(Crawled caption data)
=====
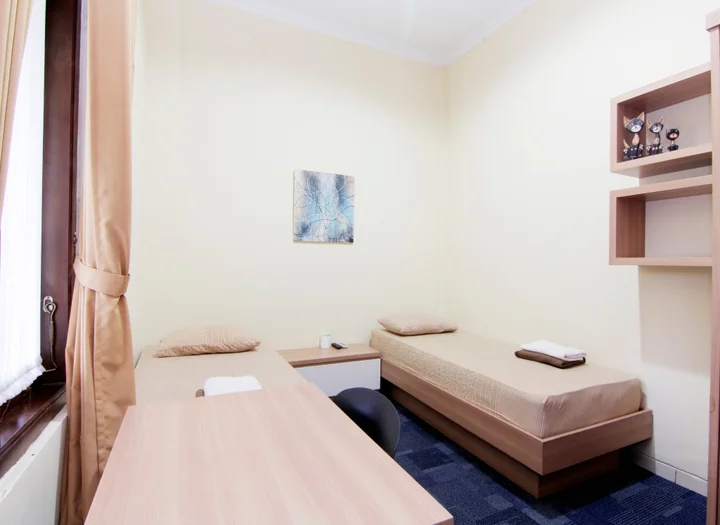 Депок: Embe Joglo Homestay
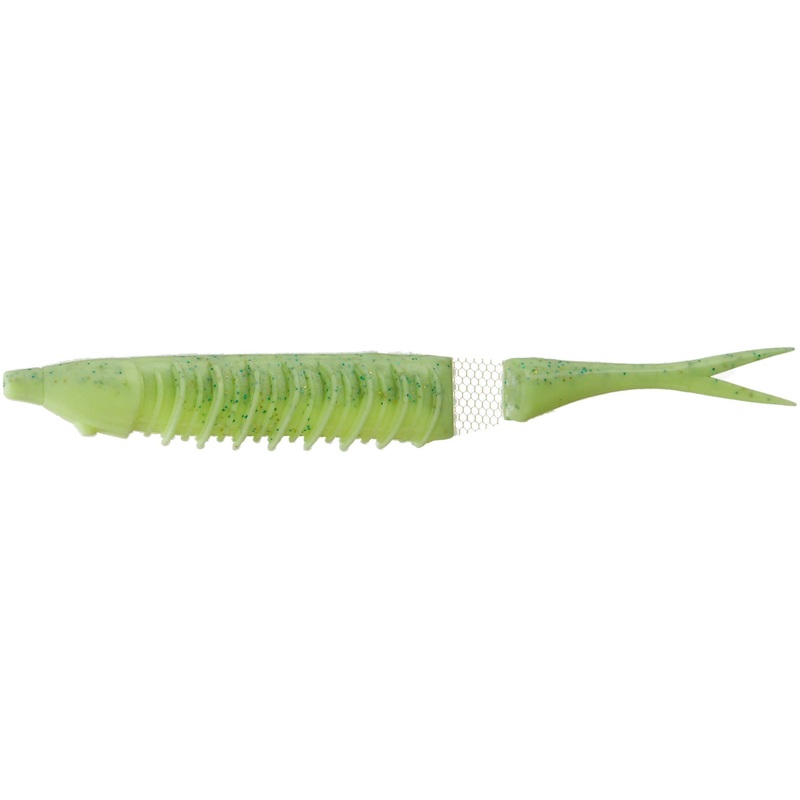 Jackall Bounty Fish Jr 4pk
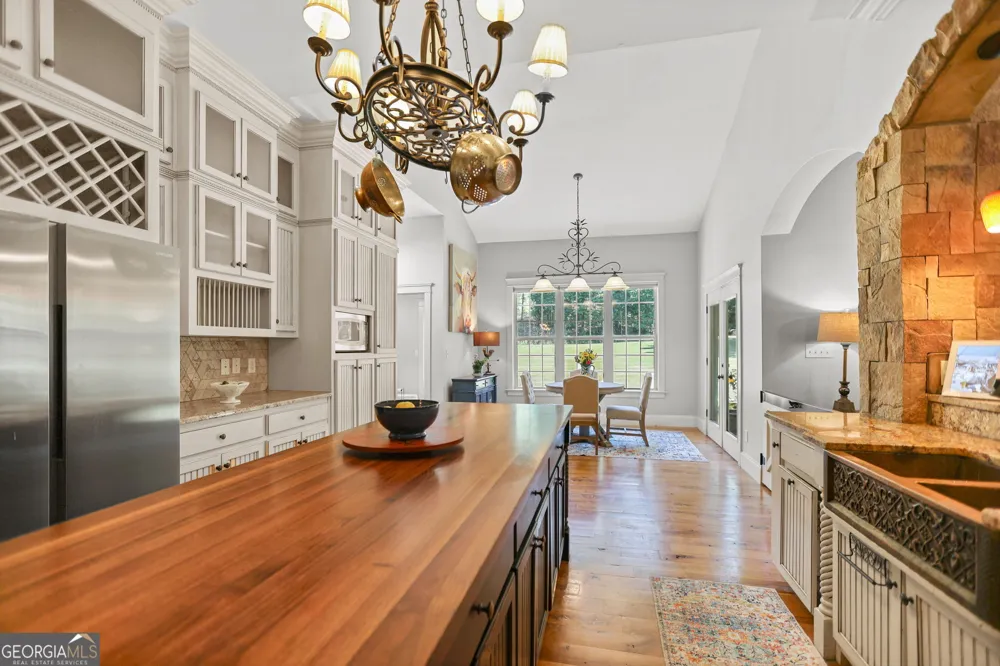 583 Haynie RD Moreland, GA 30259
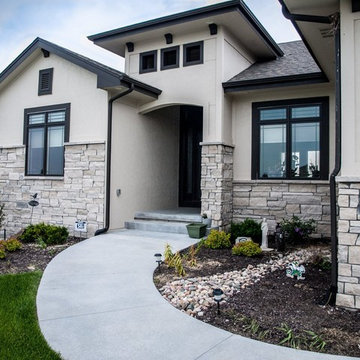 Monticello Limestone Natural Stone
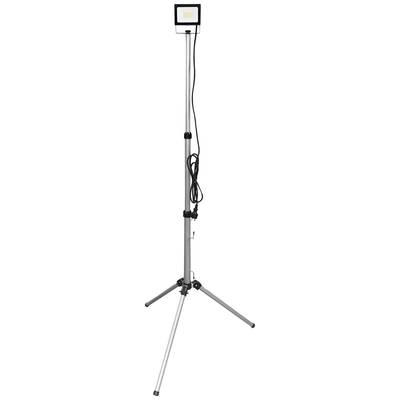 Megatron ISPOT M Stativ MT68035 LED vonkajšie osvetlenie s PIR senzorom 18 W neutrálna biela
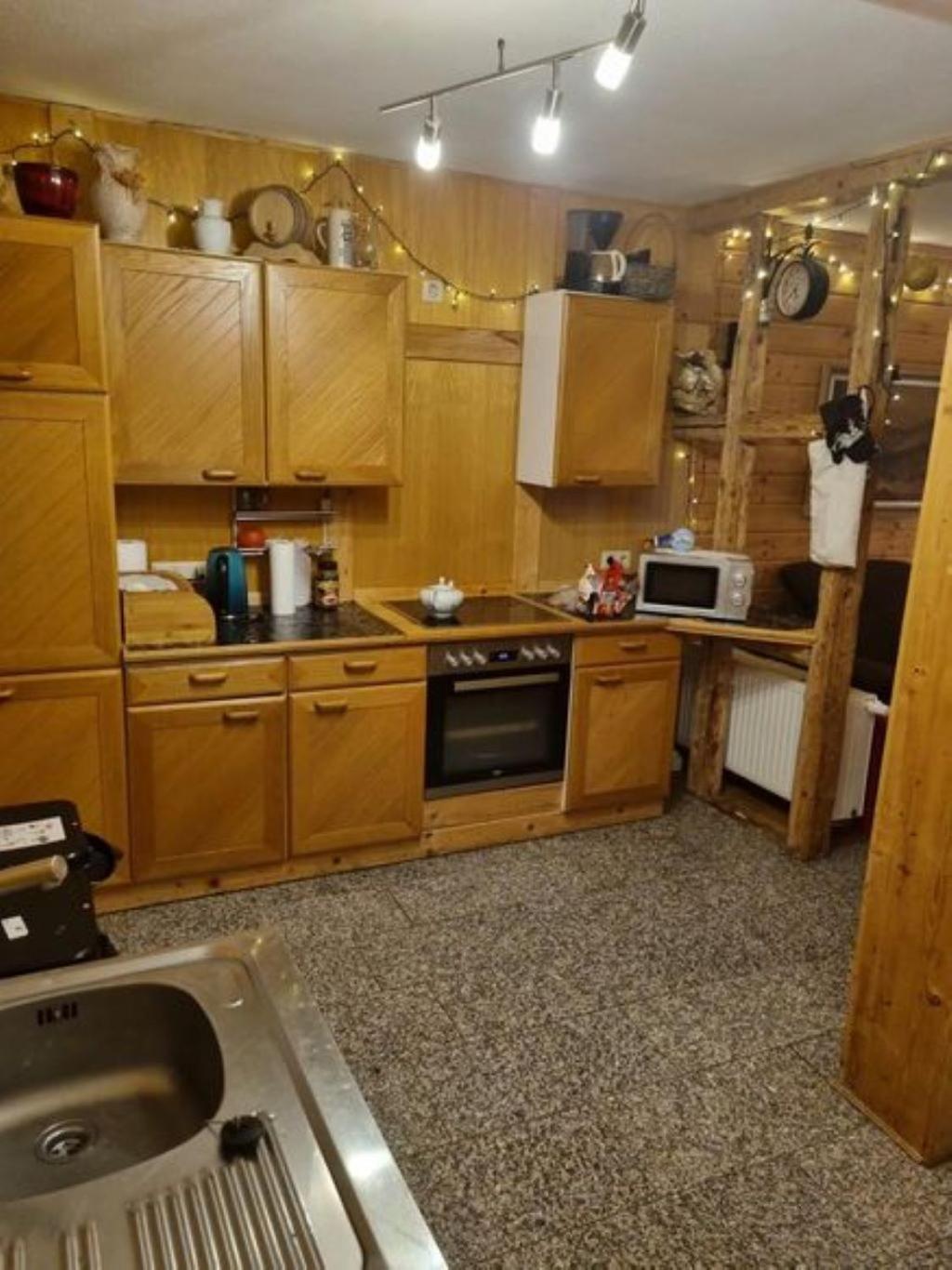 Gehlberger Landhaus am Schneekopf / Ferienwohnung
=====
◆ YOUR INSTRUCTIONS: Every record above should be transcribed exactly; the pictures stay out of the copy.

◆ OUTPUT FOR THIS EXERCISE:
 Депок: Embe Joglo Homestay
 Jackall Bounty Fish Jr 4pk
 583 Haynie RD Moreland, GA 30259
 Monticello Limestone Natural Stone
 Megatron ISPOT M Stativ MT68035 LED vonkajšie osvetlenie s PIR senzorom 18 W neutrálna biela
 Gehlberger Landhaus am Schneekopf / Ferienwohnung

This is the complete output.